### Information given
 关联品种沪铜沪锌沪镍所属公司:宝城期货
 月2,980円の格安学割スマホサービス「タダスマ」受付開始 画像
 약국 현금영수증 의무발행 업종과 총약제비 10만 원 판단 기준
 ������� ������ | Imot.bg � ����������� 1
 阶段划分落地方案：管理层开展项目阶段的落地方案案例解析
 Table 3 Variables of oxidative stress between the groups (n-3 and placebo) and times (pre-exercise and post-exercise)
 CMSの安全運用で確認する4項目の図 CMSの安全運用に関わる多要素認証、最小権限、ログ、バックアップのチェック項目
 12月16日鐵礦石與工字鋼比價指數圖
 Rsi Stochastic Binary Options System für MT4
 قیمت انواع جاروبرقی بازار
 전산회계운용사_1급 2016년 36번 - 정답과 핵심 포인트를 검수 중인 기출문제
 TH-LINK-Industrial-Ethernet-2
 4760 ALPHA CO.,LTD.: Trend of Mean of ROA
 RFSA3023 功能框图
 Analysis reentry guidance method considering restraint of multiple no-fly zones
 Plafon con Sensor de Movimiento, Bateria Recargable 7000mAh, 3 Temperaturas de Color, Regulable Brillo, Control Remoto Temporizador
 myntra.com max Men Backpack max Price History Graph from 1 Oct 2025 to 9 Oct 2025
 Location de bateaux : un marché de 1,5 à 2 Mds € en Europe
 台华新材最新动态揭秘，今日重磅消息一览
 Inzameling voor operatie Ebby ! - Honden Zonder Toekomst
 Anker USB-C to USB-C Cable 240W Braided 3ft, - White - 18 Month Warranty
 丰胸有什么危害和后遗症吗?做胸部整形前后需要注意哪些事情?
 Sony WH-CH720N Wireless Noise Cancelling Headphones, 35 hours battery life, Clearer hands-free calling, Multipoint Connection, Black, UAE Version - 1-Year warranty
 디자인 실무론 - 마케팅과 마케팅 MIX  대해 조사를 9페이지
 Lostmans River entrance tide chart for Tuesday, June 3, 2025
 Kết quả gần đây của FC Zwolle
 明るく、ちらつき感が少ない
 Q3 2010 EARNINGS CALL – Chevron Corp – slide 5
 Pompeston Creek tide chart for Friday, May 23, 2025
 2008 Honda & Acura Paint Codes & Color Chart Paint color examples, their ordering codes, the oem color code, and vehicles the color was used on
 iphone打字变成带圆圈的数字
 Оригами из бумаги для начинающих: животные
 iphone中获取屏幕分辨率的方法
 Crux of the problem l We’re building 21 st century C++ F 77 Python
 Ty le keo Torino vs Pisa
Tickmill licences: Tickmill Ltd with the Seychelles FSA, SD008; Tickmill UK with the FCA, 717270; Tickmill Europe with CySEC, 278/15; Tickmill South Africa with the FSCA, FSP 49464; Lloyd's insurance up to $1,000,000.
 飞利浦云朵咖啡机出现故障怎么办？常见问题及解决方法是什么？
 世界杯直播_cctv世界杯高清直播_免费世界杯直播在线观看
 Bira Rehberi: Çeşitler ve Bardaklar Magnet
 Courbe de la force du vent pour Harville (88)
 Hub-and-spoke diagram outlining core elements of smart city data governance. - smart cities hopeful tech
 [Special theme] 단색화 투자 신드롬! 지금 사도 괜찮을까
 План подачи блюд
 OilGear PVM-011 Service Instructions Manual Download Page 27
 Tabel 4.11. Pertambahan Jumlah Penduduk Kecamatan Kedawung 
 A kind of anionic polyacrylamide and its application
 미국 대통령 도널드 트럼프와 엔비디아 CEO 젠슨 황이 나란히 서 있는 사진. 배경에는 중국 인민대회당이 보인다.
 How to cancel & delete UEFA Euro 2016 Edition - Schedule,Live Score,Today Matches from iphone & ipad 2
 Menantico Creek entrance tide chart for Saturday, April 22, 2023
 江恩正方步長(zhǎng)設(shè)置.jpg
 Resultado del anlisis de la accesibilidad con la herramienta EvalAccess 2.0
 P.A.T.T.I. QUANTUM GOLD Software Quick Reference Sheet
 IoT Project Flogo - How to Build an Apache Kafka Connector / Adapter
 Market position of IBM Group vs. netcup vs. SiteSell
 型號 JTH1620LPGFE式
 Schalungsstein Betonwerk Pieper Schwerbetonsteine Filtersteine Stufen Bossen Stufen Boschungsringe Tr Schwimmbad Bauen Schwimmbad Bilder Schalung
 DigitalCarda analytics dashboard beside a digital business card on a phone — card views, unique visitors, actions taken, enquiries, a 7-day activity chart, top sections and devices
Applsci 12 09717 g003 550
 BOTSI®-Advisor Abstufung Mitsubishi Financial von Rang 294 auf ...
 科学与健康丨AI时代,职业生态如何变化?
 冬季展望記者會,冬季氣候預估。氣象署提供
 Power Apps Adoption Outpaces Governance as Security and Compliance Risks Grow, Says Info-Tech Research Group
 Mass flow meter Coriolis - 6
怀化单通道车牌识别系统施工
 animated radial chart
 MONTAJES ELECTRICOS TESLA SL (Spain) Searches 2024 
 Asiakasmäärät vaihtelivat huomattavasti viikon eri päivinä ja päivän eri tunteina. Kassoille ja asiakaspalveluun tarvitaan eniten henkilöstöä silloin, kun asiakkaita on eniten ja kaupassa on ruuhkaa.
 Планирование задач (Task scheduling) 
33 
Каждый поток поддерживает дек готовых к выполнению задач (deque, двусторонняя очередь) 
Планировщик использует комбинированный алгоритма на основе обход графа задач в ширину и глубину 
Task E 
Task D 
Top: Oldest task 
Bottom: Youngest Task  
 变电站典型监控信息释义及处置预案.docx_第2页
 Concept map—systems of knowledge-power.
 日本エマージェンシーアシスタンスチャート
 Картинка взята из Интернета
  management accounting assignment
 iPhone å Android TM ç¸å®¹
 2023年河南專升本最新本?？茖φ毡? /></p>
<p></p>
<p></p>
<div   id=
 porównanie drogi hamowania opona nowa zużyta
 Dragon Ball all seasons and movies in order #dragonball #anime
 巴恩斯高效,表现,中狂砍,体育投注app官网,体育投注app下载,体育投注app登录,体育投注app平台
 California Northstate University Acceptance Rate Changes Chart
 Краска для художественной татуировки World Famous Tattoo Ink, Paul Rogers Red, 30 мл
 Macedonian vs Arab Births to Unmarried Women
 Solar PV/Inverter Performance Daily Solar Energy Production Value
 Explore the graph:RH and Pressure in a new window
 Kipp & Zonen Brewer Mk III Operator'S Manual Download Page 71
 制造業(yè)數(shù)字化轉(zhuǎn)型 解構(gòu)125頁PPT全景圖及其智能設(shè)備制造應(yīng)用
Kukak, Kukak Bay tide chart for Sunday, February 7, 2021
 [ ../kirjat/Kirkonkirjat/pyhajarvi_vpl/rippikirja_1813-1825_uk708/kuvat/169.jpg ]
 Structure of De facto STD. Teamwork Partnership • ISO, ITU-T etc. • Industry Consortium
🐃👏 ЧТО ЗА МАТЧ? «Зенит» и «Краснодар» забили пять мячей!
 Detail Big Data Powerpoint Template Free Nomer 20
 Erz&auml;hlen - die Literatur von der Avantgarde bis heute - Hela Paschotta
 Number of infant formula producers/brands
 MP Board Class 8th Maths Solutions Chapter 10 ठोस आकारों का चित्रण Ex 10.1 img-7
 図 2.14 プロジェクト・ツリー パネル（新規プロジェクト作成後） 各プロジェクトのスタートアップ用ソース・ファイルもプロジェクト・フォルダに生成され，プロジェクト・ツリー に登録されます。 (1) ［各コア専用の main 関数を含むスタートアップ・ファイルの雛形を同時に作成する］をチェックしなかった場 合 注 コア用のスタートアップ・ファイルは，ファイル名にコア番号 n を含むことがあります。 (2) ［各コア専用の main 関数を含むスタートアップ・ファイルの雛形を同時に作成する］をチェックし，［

### Problem to solve
One exact transcript of the whole listing is the expected answer.

### Exercise output
 关联品种沪铜沪锌沪镍所属公司:宝城期货
 月2,980円の格安学割スマホサービス「タダスマ」受付開始 画像
 약국 현금영수증 의무발행 업종과 총약제비 10만 원 판단 기준
 ������� ������ | Imot.bg � ����������� 1
 阶段划分落地方案：管理层开展项目阶段的落地方案案例解析
 Table 3 Variables of oxidative stress between the groups (n-3 and placebo) and times (pre-exercise and post-exercise)
 CMSの安全運用で確認する4項目の図 CMSの安全運用に関わる多要素認証、最小権限、ログ、バックアップのチェック項目
 12月16日鐵礦石與工字鋼比價指數圖
 Rsi Stochastic Binary Options System für MT4
 قیمت انواع جاروبرقی بازار
 전산회계운용사_1급 2016년 36번 - 정답과 핵심 포인트를 검수 중인 기출문제
 TH-LINK-Industrial-Ethernet-2
 4760 ALPHA CO.,LTD.: Trend of Mean of ROA
 RFSA3023 功能框图
 Analysis reentry guidance method considering restraint of multiple no-fly zones
 Plafon con Sensor de Movimiento, Bateria Recargable 7000mAh, 3 Temperaturas de Color, Regulable Brillo, Control Remoto Temporizador
 myntra.com max Men Backpack max Price History Graph from 1 Oct 2025 to 9 Oct 2025
 Location de bateaux : un marché de 1,5 à 2 Mds € en Europe
 台华新材最新动态揭秘，今日重磅消息一览
 Inzameling voor operatie Ebby ! - Honden Zonder Toekomst
 Anker USB-C to USB-C Cable 240W Braided 3ft, - White - 18 Month Warranty
 丰胸有什么危害和后遗症吗?做胸部整形前后需要注意哪些事情?
 Sony WH-CH720N Wireless Noise Cancelling Headphones, 35 hours battery life, Clearer hands-free calling, Multipoint Connection, Black, UAE Version - 1-Year warranty
 디자인 실무론 - 마케팅과 마케팅 MIX  대해 조사를 9페이지
 Lostmans River entrance tide chart for Tuesday, June 3, 2025
 Kết quả gần đây của FC Zwolle
 明るく、ちらつき感が少ない
 Q3 2010 EARNINGS CALL – Chevron Corp – slide 5
 Pompeston Creek tide chart for Friday, May 23, 2025
 2008 Honda & Acura Paint Codes & Color Chart Paint color examples, their ordering codes, the oem color code, and vehicles the color was used on
 iphone打字变成带圆圈的数字
 Оригами из бумаги для начинающих: животные
 iphone中获取屏幕分辨率的方法
 Crux of the problem l We’re building 21 st century C++ F 77 Python
 Ty le keo Torino vs Pisa
Tickmill licences: Tickmill Ltd with the Seychelles FSA, SD008; Tickmill UK with the FCA, 717270; Tickmill Europe with CySEC, 278/15; Tickmill South Africa with the FSCA, FSP 49464; Lloyd's insurance up to $1,000,000.
 飞利浦云朵咖啡机出现故障怎么办？常见问题及解决方法是什么？
 世界杯直播_cctv世界杯高清直播_免费世界杯直播在线观看
 Bira Rehberi: Çeşitler ve Bardaklar Magnet
 Courbe de la force du vent pour Harville (88)
 Hub-and-spoke diagram outlining core elements of smart city data governance. - smart cities hopeful tech
 [Special theme] 단색화 투자 신드롬! 지금 사도 괜찮을까
 План подачи блюд
 OilGear PVM-011 Service Instructions Manual Download Page 27
 Tabel 4.11. Pertambahan Jumlah Penduduk Kecamatan Kedawung 
 A kind of anionic polyacrylamide and its application
 미국 대통령 도널드 트럼프와 엔비디아 CEO 젠슨 황이 나란히 서 있는 사진. 배경에는 중국 인민대회당이 보인다.
 How to cancel & delete UEFA Euro 2016 Edition - Schedule,Live Score,Today Matches from iphone & ipad 2
 Menantico Creek entrance tide chart for Saturday, April 22, 2023
 江恩正方步長(zhǎng)設(shè)置.jpg
 Resultado del anlisis de la accesibilidad con la herramienta EvalAccess 2.0
 P.A.T.T.I. QUANTUM GOLD Software Quick Reference Sheet
 IoT Project Flogo - How to Build an Apache Kafka Connector / Adapter
 Market position of IBM Group vs. netcup vs. SiteSell
 型號 JTH1620LPGFE式
 Schalungsstein Betonwerk Pieper Schwerbetonsteine Filtersteine Stufen Bossen Stufen Boschungsringe Tr Schwimmbad Bauen Schwimmbad Bilder Schalung
 DigitalCarda analytics dashboard beside a digital business card on a phone — card views, unique visitors, actions taken, enquiries, a 7-day activity chart, top sections and devices
Applsci 12 09717 g003 550
 BOTSI®-Advisor Abstufung Mitsubishi Financial von Rang 294 auf ...
 科学与健康丨AI时代,职业生态如何变化?
 冬季展望記者會,冬季氣候預估。氣象署提供
 Power Apps Adoption Outpaces Governance as Security and Compliance Risks Grow, Says Info-Tech Research Group
 Mass flow meter Coriolis - 6
怀化单通道车牌识别系统施工
 animated radial chart
 MONTAJES ELECTRICOS TESLA SL (Spain) Searches 2024 
 Asiakasmäärät vaihtelivat huomattavasti viikon eri päivinä ja päivän eri tunteina. Kassoille ja asiakaspalveluun tarvitaan eniten henkilöstöä silloin, kun asiakkaita on eniten ja kaupassa on ruuhkaa.
 Планирование задач (Task scheduling) 
33 
Каждый поток поддерживает дек готовых к выполнению задач (deque, двусторонняя очередь) 
Планировщик использует комбинированный алгоритма на основе обход графа задач в ширину и глубину 
Task E 
Task D 
Top: Oldest task 
Bottom: Youngest Task  
 变电站典型监控信息释义及处置预案.docx_第2页
 Concept map—systems of knowledge-power.
 日本エマージェンシーアシスタンスチャート
 Картинка взята из Интернета
  management accounting assignment
 iPhone å Android TM ç¸å®¹
 2023年河南專升本最新本?？茖φ毡? /></p>
<p></p>
<p></p>
<div   id=
 porównanie drogi hamowania opona nowa zużyta
 Dragon Ball all seasons and movies in order #dragonball #anime
 巴恩斯高效,表现,中狂砍,体育投注app官网,体育投注app下载,体育投注app登录,体育投注app平台
 California Northstate University Acceptance Rate Changes Chart
 Краска для художественной татуировки World Famous Tattoo Ink, Paul Rogers Red, 30 мл
 Macedonian vs Arab Births to Unmarried Women
 Solar PV/Inverter Performance Daily Solar Energy Production Value
 Explore the graph:RH and Pressure in a new window
 Kipp & Zonen Brewer Mk III Operator'S Manual Download Page 71
 制造業(yè)數(shù)字化轉(zhuǎn)型 解構(gòu)125頁PPT全景圖及其智能設(shè)備制造應(yīng)用
Kukak, Kukak Bay tide chart for Sunday, February 7, 2021
 [ ../kirjat/Kirkonkirjat/pyhajarvi_vpl/rippikirja_1813-1825_uk708/kuvat/169.jpg ]
 Structure of De facto STD. Teamwork Partnership • ISO, ITU-T etc. • Industry Consortium
🐃👏 ЧТО ЗА МАТЧ? «Зенит» и «Краснодар» забили пять мячей!
 Detail Big Data Powerpoint Template Free Nomer 20
 Erz&auml;hlen - die Literatur von der Avantgarde bis heute - Hela Paschotta
 Number of infant formula producers/brands
 MP Board Class 8th Maths Solutions Chapter 10 ठोस आकारों का चित्रण Ex 10.1 img-7
 図 2.14 プロジェクト・ツリー パネル（新規プロジェクト作成後） 各プロジェクトのスタートアップ用ソース・ファイルもプロジェクト・フォルダに生成され，プロジェクト・ツリー に登録されます。 (1) ［各コア専用の main 関数を含むスタートアップ・ファイルの雛形を同時に作成する］をチェックしなかった場 合 注 コア用のスタートアップ・ファイルは，ファイル名にコア番号 n を含むことがあります。 (2) ［各コア専用の main 関数を含むスタートアップ・ファイルの雛形を同時に作成する］をチェックし，［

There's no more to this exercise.